[Opening STUDY MATERIAL section]

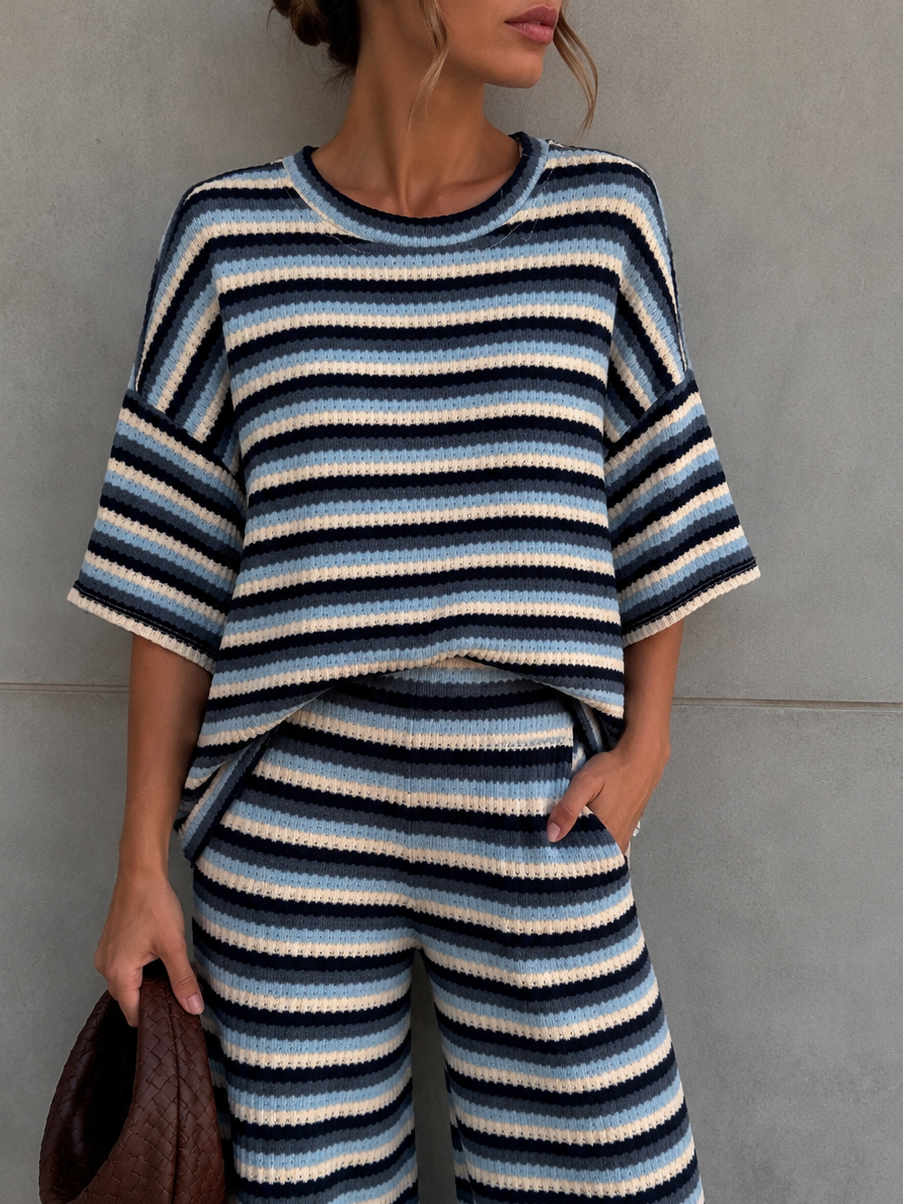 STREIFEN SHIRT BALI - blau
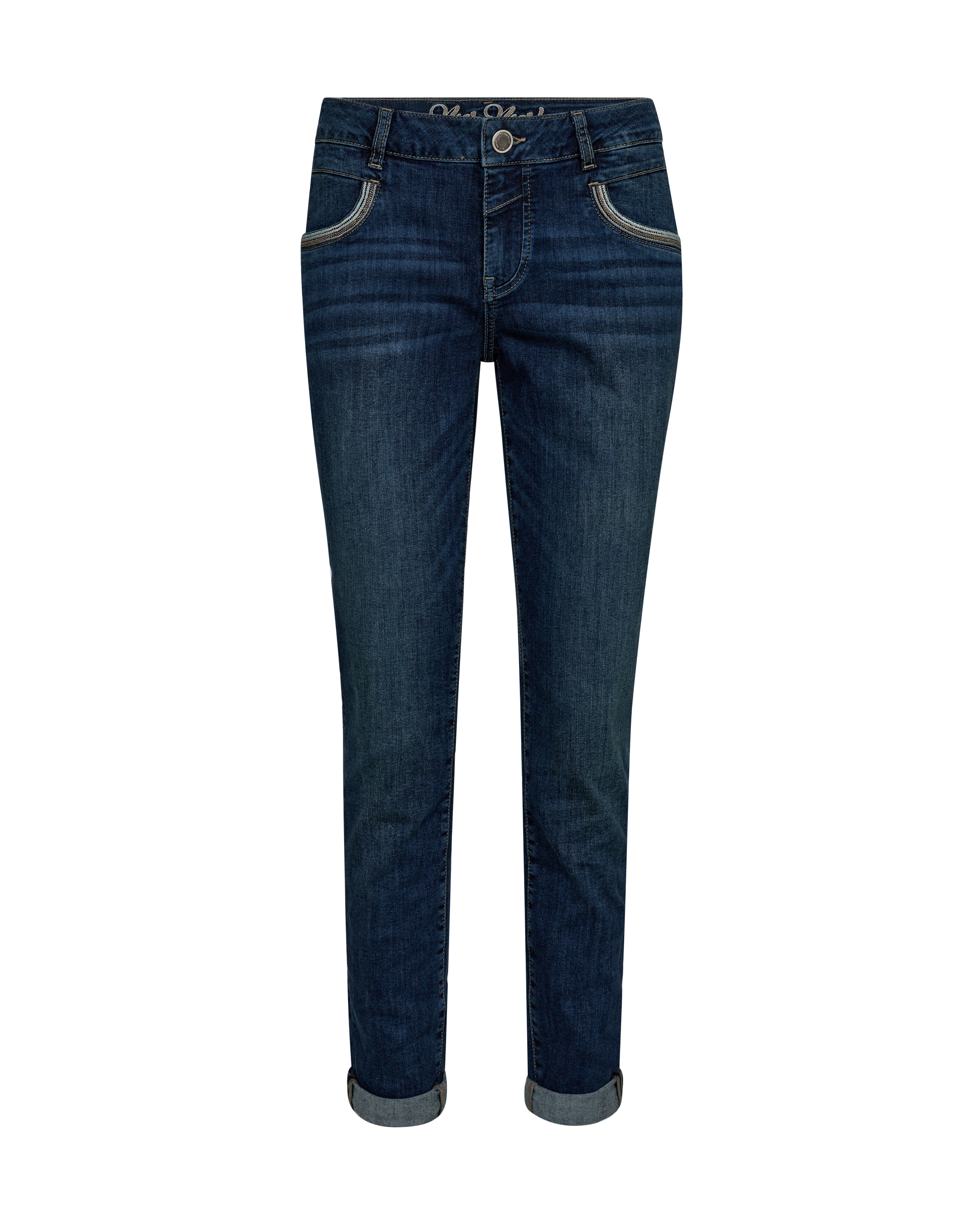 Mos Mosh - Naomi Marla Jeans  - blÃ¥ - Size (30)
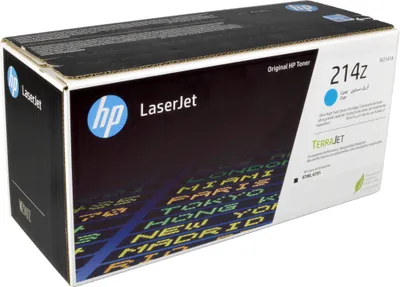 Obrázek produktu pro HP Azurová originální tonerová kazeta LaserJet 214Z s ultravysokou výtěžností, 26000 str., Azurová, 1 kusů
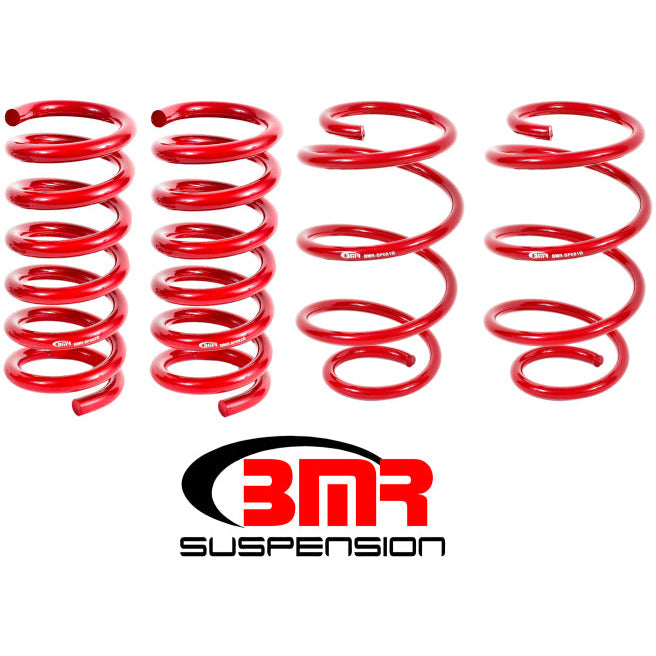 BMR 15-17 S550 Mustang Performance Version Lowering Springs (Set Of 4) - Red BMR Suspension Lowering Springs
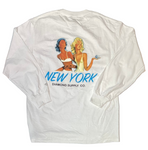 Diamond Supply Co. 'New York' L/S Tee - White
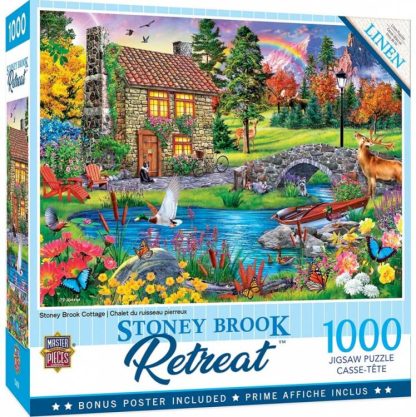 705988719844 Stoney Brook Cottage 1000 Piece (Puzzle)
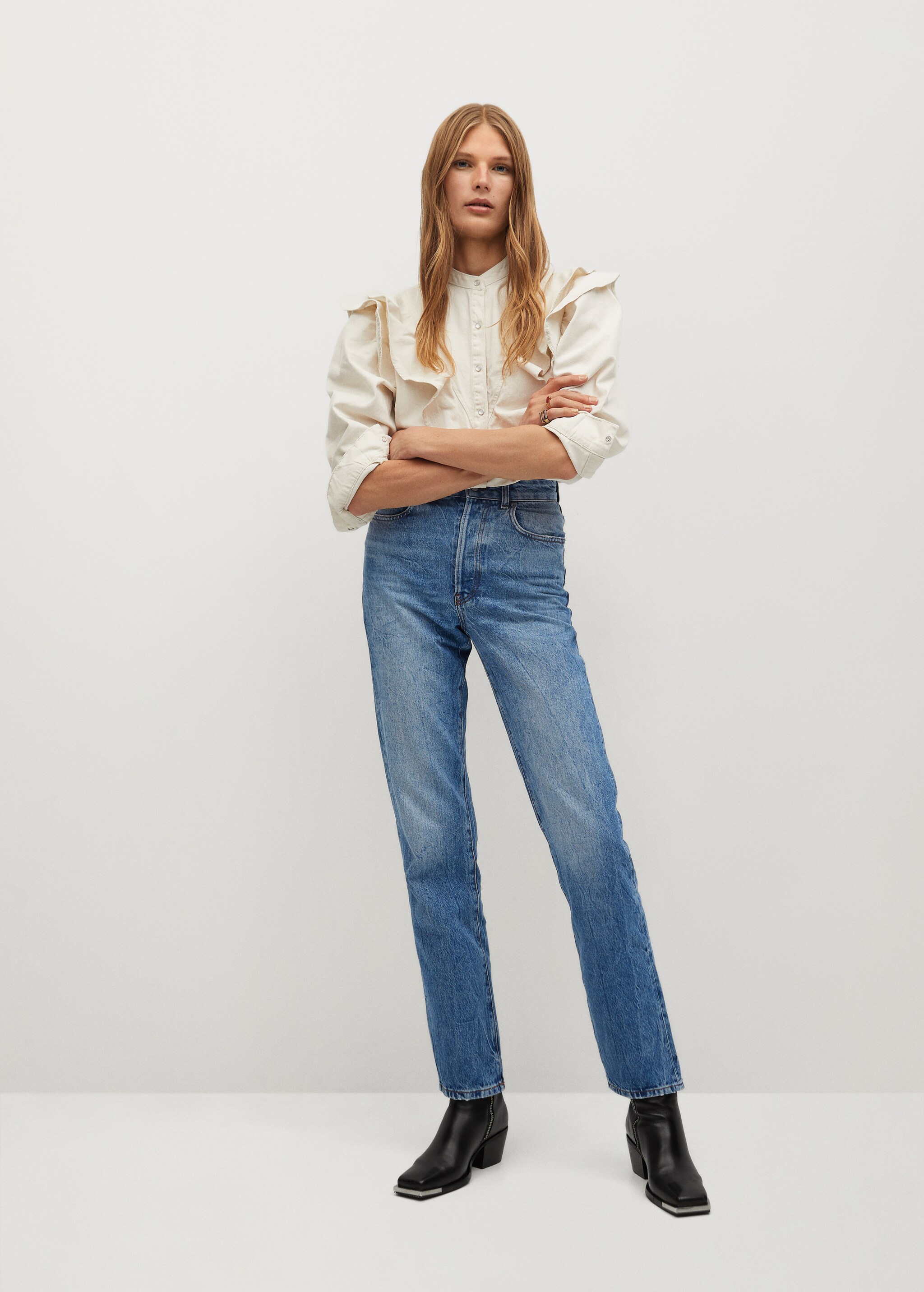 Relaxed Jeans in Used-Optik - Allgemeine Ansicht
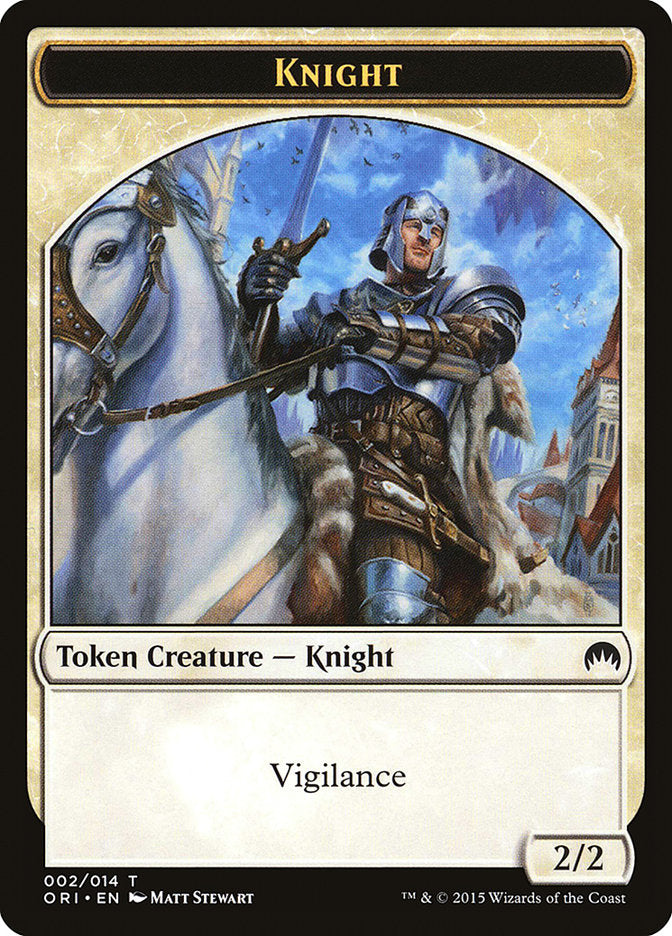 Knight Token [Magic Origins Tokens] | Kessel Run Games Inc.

[Closing STUDY MATERIAL section]

** PROBLEM TO SOLVE **
Copy exactly, and copy only, the lines from the one bearing "Obrázek produktu pro" through the closing line of the material, with both ends kept and pictures removed.

** RESPONSE **
 Obrázek produktu pro HP Azurová originální tonerová kazeta LaserJet 214Z s ultravysokou výtěžností, 26000 str., Azurová, 1 kusů
 BMR 15-17 S550 Mustang Performance Version Lowering Springs (Set Of 4) - Red BMR Suspension Lowering Springs
 Diamond Supply Co. 'New York' L/S Tee - White
 705988719844 Stoney Brook Cottage 1000 Piece (Puzzle)
 Relaxed Jeans in Used-Optik - Allgemeine Ansicht
 Knight Token [Magic Origins Tokens] | Kessel Run Games Inc.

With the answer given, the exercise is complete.